Saturday 2 January 2016

“Sugababe” by Diemut Strebe:


Artist, Diemut Strebe, with the help of a team of scientists, was able to make a 3D print of Van Gogh’s ear, using the DNA of a descendent of the painter. 
Van Gogh was thought to have cut off his own ear after a psychotic episode in the 1800’s, however in 2009 German historians presented a new theory, that fellow painter Paul Gauguin, who was also a fencer, had cut it off with a sword after an argument. They propose that the pair kept it quiet to avoid prosecution as well as to attempt to preserve their tumultuous friendship. 

With the DNA obtained from Lieuwe van Gogh, who is the great-great Grandson of Van Gogh’s brother, Theodorus, Strebe and the team created the piece, which was displayed at ZKM Karlsruhe Museum in Karlsruhe. There is an interactive element to the installation, a microphone that visitors viewing the piece can talk into. 

The sound travels through the Hoagland solution that the ear is suspended in and is translated into a simulated nerve impulse, which is amplified as broken static sounds.
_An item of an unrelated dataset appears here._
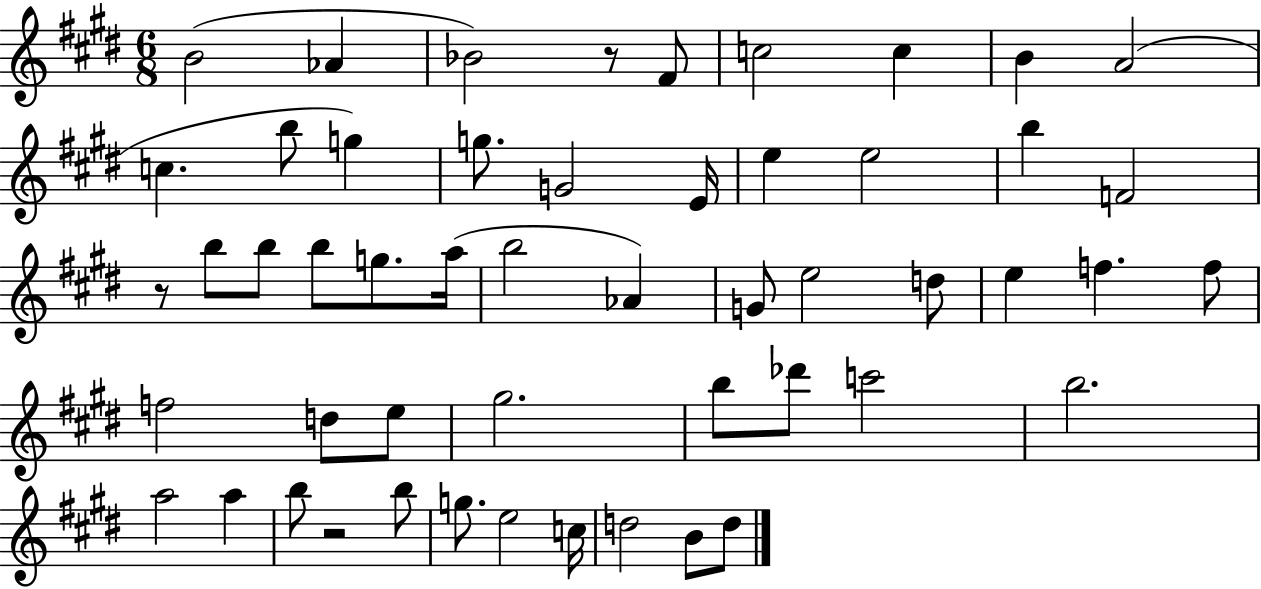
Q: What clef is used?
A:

The question the piece poses is that of the Greek historian Plutarch’s “Ship of Theseus”, also known as “Theseus’ paradox”; where Pultarch asks “if you replace all the parts of a ship is it still the same ship?” The title is derived from an early 2000’s British pop band named “The sugababes” where the members are routinely replaced over time. 

Noam Chomsky was the first visitor to speak into the ear.